Being an algebra, it consists of a set of operations, and equivalence rules on constructions that can be built from those operations. A simple example: let's
have the following three operations:
a | b
a ; b
a*
We can build expressions with them, e.g.
(a | b)* or
b*(a ; b*)*.
Now let's interpret these expressions as follows.
-
| means 'or'
-
; means 'and then'
-
* means 'zero or more times'
So we're interpreting the operations as ways in which a bigger process can be
composed of smaller processes, and ultimately, elementary steps.
For instance, (a | b)* means:
zero or more times either a or b.
Or, if you wish, an arbitrary sequence of a and b.

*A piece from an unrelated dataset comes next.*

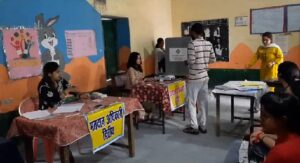 बागेश्वर उप चुनाव को लेकर मतदान शुरु- मतदाताओं में भारी जोश- मतदान केन्द्रों में उमड़ी भीड़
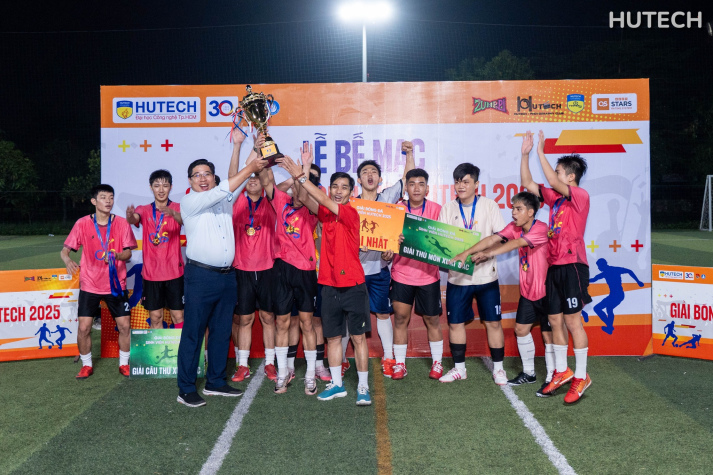 Viện Văn hóa - Nghệ thuật - Thể thao đánh bại Dominator FC với tỷ số 3-1 lên ngôi vô địch giải S7 HUTECH 8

With this interpretation, we probably want to consider some expressions as equivalent.
One of the equivalence rules of our algebra might be, for instance:
a ; (b | c) = (a ; b) | (a ; c)
i.e. to say that I first
anger my roommate and then either
boil an egg or
clean the table, is the same as saying that
I either
anger my roommate and then
boil an egg or
anger my roommate and then
clean the table.
Or is it?
This is where things become tricky. It is easy to state rules for when two expressions "really mean the same thing". But whether your rules are justified depends on your processes and how you look at them. For example, if we are only interested in the possible sequences of steps that a process allows, then the given equivalence rule is certainly valid. (In fact, in that case, what we're looking at is regular expressions.) But if we suppose that the expressions also indicate the moment of choice, and if the moment of choice is important, then the equivalence does not hold: in a ; (b | c) I first do a and only then choose how to
continue, while in (a ; b) | (a ; c) I make the choice before doing a.
So different ideas of what matters when describing processes lead to different equivalence rules, even for the same operations. But we can also introduce different operations: for example,
a & b "a and b both happen, in any order"
Is this equivalent to saying
(a ; b) | (b ; a)
? Well, only if we do not want to distinguish the situation in which
a and
b happen at exactly the same time.
This should give you an idea of what process algebra is, and why there are so many of them.